楊萬里筆下兩枝荷花,開得如此不同:一枝是“小荷才露尖尖角”,尖角初萌,如幼童初探人世;一枝是“映日荷花別樣紅”,盛放于驕陽之下,宛如青春之華年。兩朵花,竟將生命里最清純與最燦爛的段落一并托出——自然之美被定格成永恒畫卷,詩人生命中最飽滿的光華亦凝于其中。
世人常道楊萬里承李杜東坡遺風,我獨遙望陶淵明蕭然背影。陶淵明何嘗不是一位硬骨錚錚的田園詩人?田園詩派風骨自他始。楊萬里后來辭官歸家十五年,不食權貴之粟,最后竟絕食殉節而亡,其氣節之剛烈,正與陶潛同脈相傳。所謂“小荷才露尖尖角”,豈非這孤傲初心的寫照?“映日荷花別樣紅”,又豈非其生命最后燃燒的壯麗光芒?

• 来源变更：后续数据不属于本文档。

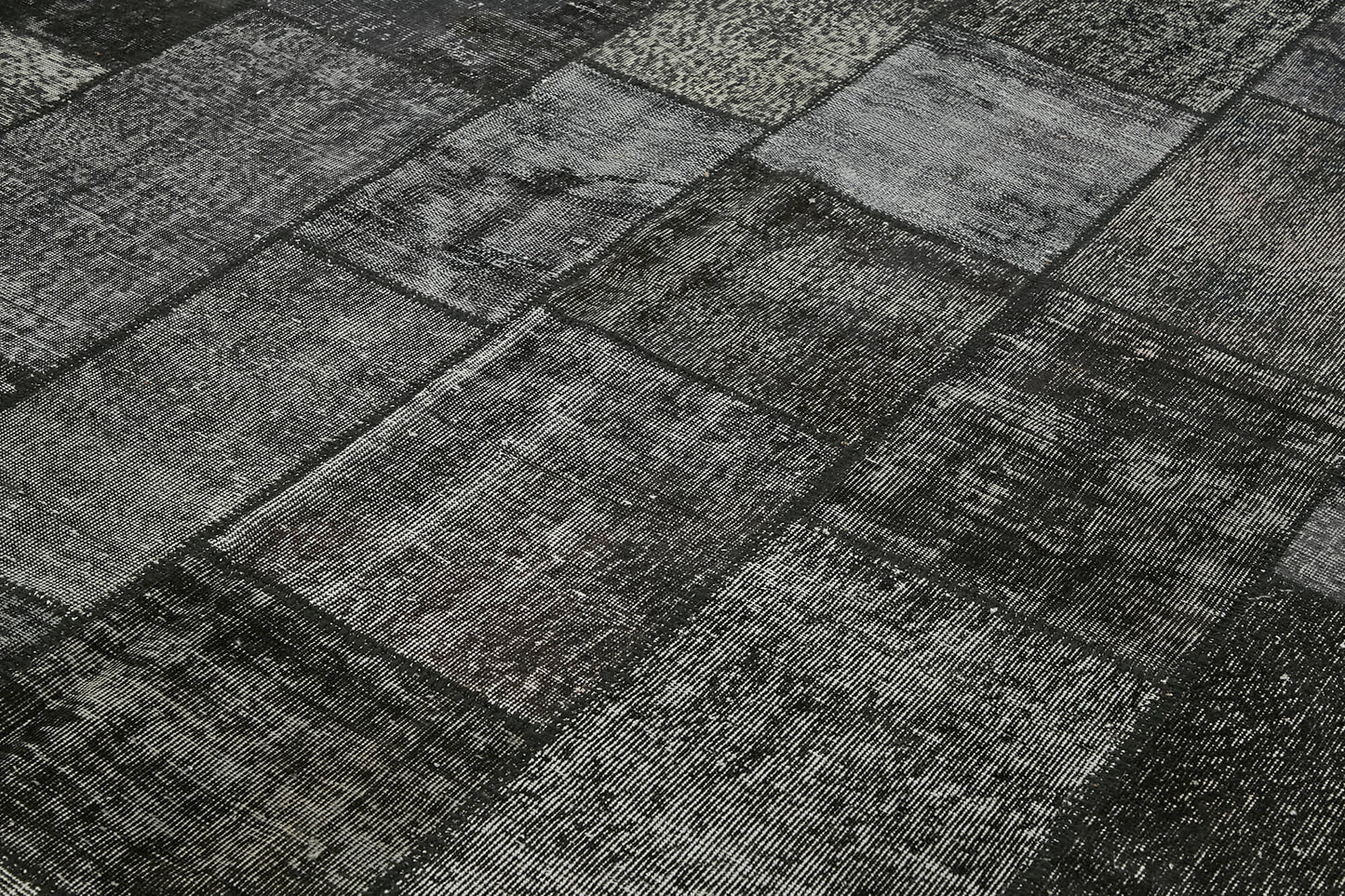 8x11 Black Patchwork Rug- 43244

文人須有風骨,此語如金石擲地有聲。可嘆塵世喧囂,多少文墨之士,竟將那手中之筆化作阿諛奉承的諛筆,為勞民傷財的“政績”涂抹頌詞,作序作記,歌舞升平。楊萬里所嫉之“惡”,于今世何嘗不是改頭換面依然橫行?他那份不肯摧眉折腰事權貴的“做人底線”,在今日多少文人眼中,恐已成了不合時宜的迂闊。那“拍馬屁”的文學,卻倒成了許多人競相攀爬的“高標”——此中痛切,非獨楊萬里時代所有。
小荷清絕無垢,紅荷絢爛到極致,原來不僅勾畫自然的兩個極致,更是詩人生命兩極的投影——初心如露,晚節如燃。

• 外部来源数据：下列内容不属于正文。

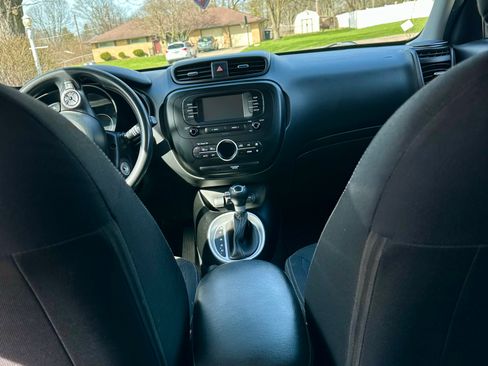 Used 2017 Kia Soul + image 15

讀其書不知其人可乎?韋力先生的《覓詩記》以尋找古代詩人史跡為要義,這是此書的最特殊處,也最難得可貴處。看書上的尋覓文字與所得圖片,有身臨其境感,于詩人詩心又有更深切的感知。。
楊萬里墓在江西吉水黃橋鎮湴塘村。書上圖片所示,墓為新修,形制尚存古意。墓前橫臥的石雕卻是老物,斑駁風塵里,似在無聲訴說。凝視良久,恍然間石雕仿佛接通了古今——那墓石幽沉,倒映著詩人筆端小荷的尖角,也呼應著烈日下荷花的殷紅。石雕默默,替人守著清白的魂靈。

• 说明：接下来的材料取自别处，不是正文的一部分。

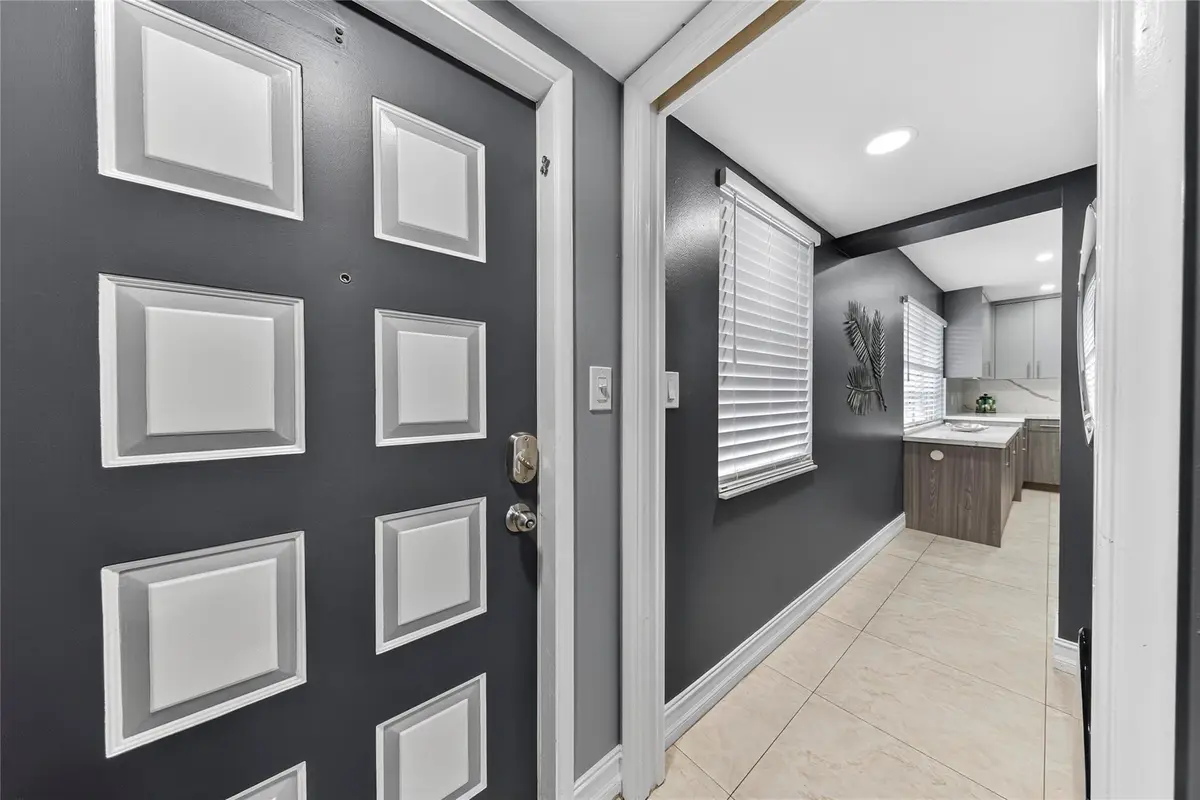 Photo 8 at 802 CYPRESS GROVE Lane 503, Pompano Beach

文人風骨,說到底不過是于濁世中護住一點心頭清亮。楊萬里以生命為墨,將“尖尖角”的清絕與“別樣紅”的熾烈,永遠寫進了歷史蒼茫的紙頁深處。當諛詞如潮水般拍打堤岸時,真風骨恰如那荷尖,刺破浮沫,兀自向天而立——尖角雖微,亦足刺破一個時代的沉滯暮氣。